Some songs that spring to mind reference specific museums devoted to particular people, whether they be famous artists, inventors or otherwise, or museum landmarks, or the strange things within them, from waxworks or even types of people. But, dear Bar punters, I’ll leave you to fill our exhibition in comments below. In the meantime, let’s take a rapid tour of some aspects of this topic to help inspire.

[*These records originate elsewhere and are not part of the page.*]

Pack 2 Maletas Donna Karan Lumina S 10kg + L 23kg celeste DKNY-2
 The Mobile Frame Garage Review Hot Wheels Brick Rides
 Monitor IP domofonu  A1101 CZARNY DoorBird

One of the accusations against museums are that they aren’t ‘living’, but below there are many examples that contradict this. And then there are also semi-location, semi-interactive online museums, such as Zagreb’s The Museum of Broken Relationships, sharing in the collective misery of love gone wrong. Exhibits include video confessionals, items full of romantic memories gone sour and, in one case, an axe that a woman used to dismantle her ex’s furniture when she was jilted. It won the Kenneth Hudson Award given to Europe’s most innovative museums.

One exhibit I’ll be visiting soon is the pop-up shop Museum of Youth Culture in Carnaby Street, which has a huge interactive archive and is currently showing flyers of music events from the 1970s.

What I find interesting about museums, galleries and spaces, alongside their actual contents (or often more so), is as much how people behave within them. Several years ago, I was in the Serpentine Gallery in London’s Hyde Park where a friend of mine worked an an invigilator. That’s an odd, but stressful job at times, as you appear to just sit in the space and not do much, but because you have to keep an eye on visitors, you can’t just read a book and relax. On one occasion a family arrived the the kids starting running around, causing mayhem, and had to be stopped from touching or clambering around the art, some of which were fragile sculptures. 

One of the kids, a boy of about eight, had a very runny nose, and at one point, his hand covered in horrible wet snot, without being seen, wiped it on the pristine white wall, whereupon after several minutes, a green-brown smear dried. Several minutes later, a visitor to the gallery went past this, and took this swish-brush shape of muted colour to be one of the artworks, inspecting it closely, and commenting quietly to himself, confused by its absence from the accompanying exhibition, catalogue, something very much like “Hmm. Interesting. Challenging.”

This slightly reminds me of the event put together by David Bowie and William Boyd in 1998, launching the latter’s book Nat Tate: An American Artist 1928–1960, an apparent biography of the influential “abstract expressionist who destroyed '99%' of his work and leapt to his death from the Staten Island ferry. His body was never found.” A major private view was held at Jeff Koons’ studio, where many high-profile art critics waxed lyrical about Tate’s work and importance. Of course none of them clocked that it was on 1st April and that this was complete hoax designed by Boyd and Bowie to expose all the big-money hype and bullshit of the industry.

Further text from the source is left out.